But it was not to last. next day, the day we were due to travel to St Kilda, the wind kept blowing and the rain came back. There was going to be no trip today. We cycled to Tarbert for the ferry to Skye and camped the night at Sligachan, in midges and damp underwear. I was ready to go home.

Sligachan campsite:


Instead, next morning in damp, cloudy conditions we climbed Ben Tianavaig.

Ben Tianavaig, Skye:


We met a couple of New Zealanders, saw a golden eagle, and returned home happy with our damp and windy Hebridean adventure, even if we hadn't managed to do what we had set out to do.

Descending Ben Tianavaig:


Next time, St Kilda. Next time.

Sunday, 5 May 2019

Stirling in Spring

Cherry blossoms, Stirling riverside:


Cherry blossom season - one of my favourite times of year. And on the BBC website they had a cherry blossom special.

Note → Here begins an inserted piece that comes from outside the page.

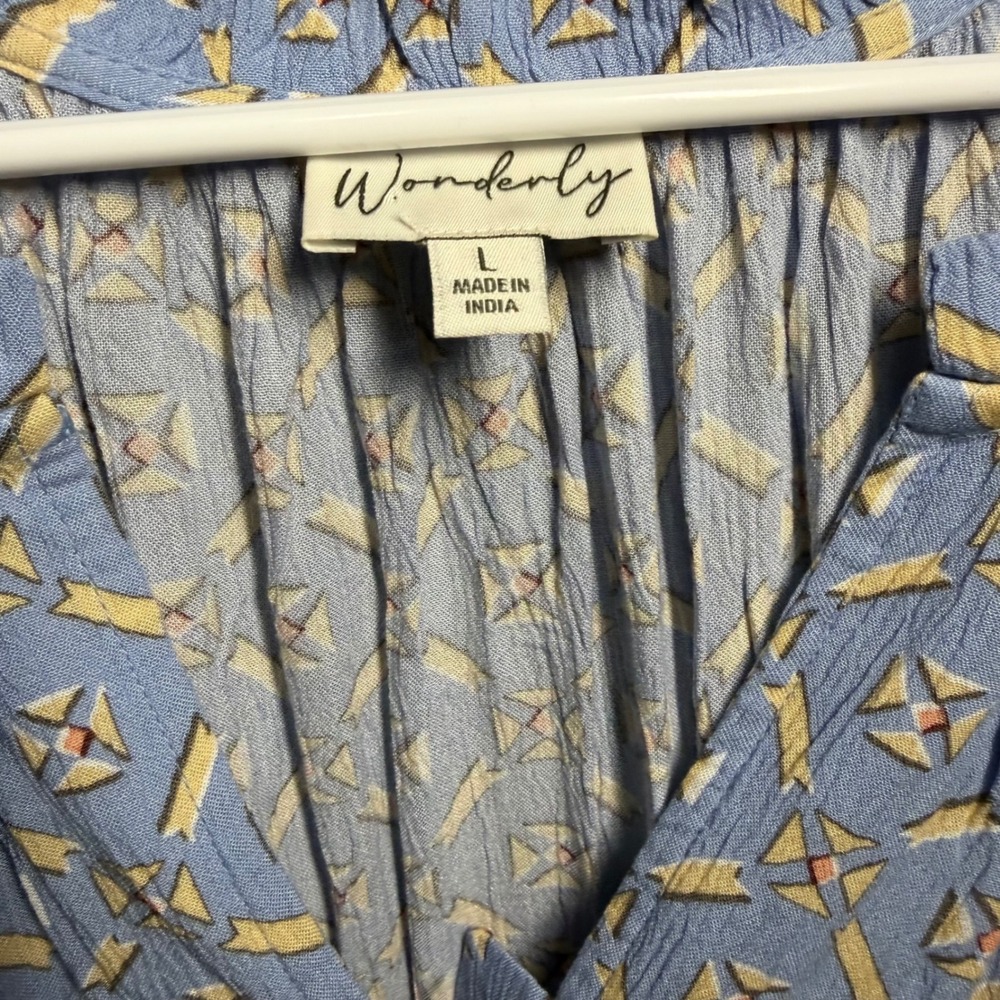 Wonderly Peasant Blouse Large Blue Geometric Print Button V-Neck Rayon Top - Picture 3 of 4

I love the long avenues of it in Helensburgh, the colourful drifts of pink confetti in Edinburgh's The Meadows, the trees lining the Dollar Burn in Dollar, the stately trees at Scone Palace. The first picture in the article linked above was from the River Forth in Stirling. "Shall we go for a walk along the Forth and see if we can find the cherry blossom?" I asked on a beautful spring day, and so we went for an explore.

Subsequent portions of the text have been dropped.